Exercise brief → Output each record exactly as given. Leave out every picture.

——————————

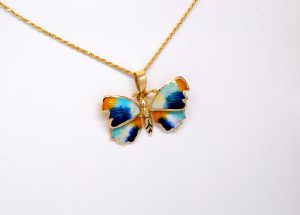 14k Yellow Gold Light & Dark Blue, White & Yellow Enamel Butterfly Pendant-721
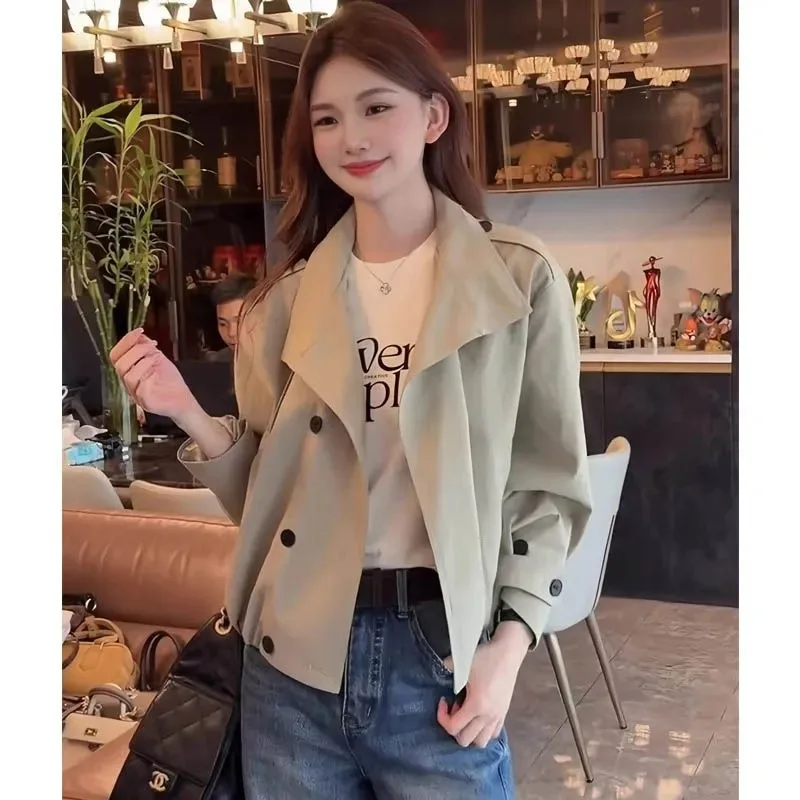 Double-breasted Short Windbreaker For Women Spring Autumn New Casual Loose Versatile Top
Double-breasted Short Windbreaker For Women Spring Autumn New Casual Loose Versatile Top
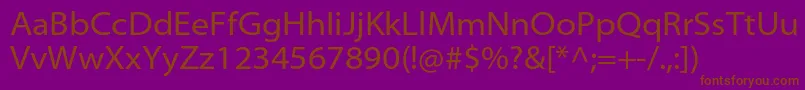 MyriadproSemiext Font – Brown Fonts on Purple Background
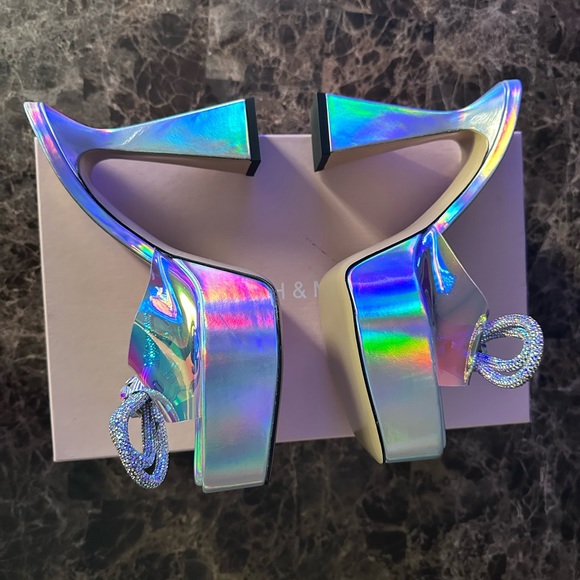 Mach & Mach Double Bow Platform Slide Sandals Iridescent - Picture 8 of 9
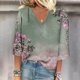 thumbnail image 2 of Blusa de Manga Corta Mujeres Cuello en V de Verano Impreso, Top Regular Casual Sexy para el Hogar Y el Uso Diario, 2 of 5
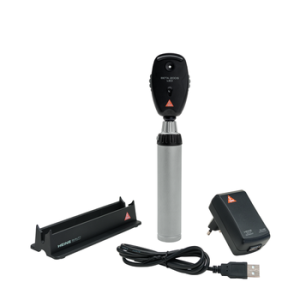 Heine BETA 200S Oftalmoscoop 3.5V XHL met BETA4 USB oplaadbaar handvat en USB-kabel en voeding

——————————

Answer space →
 14k Yellow Gold Light & Dark Blue, White & Yellow Enamel Butterfly Pendant-721
 Double-breasted Short Windbreaker For Women Spring Autumn New Casual Loose Versatile Top
Double-breasted Short Windbreaker For Women Spring Autumn New Casual Loose Versatile Top
 MyriadproSemiext Font – Brown Fonts on Purple Background
 Mach & Mach Double Bow Platform Slide Sandals Iridescent - Picture 8 of 9
 thumbnail image 2 of Blusa de Manga Corta Mujeres Cuello en V de Verano Impreso, Top Regular Casual Sexy para el Hogar Y el Uso Diario, 2 of 5
 Heine BETA 200S Oftalmoscoop 3.5V XHL met BETA4 USB oplaadbaar handvat en USB-kabel en voeding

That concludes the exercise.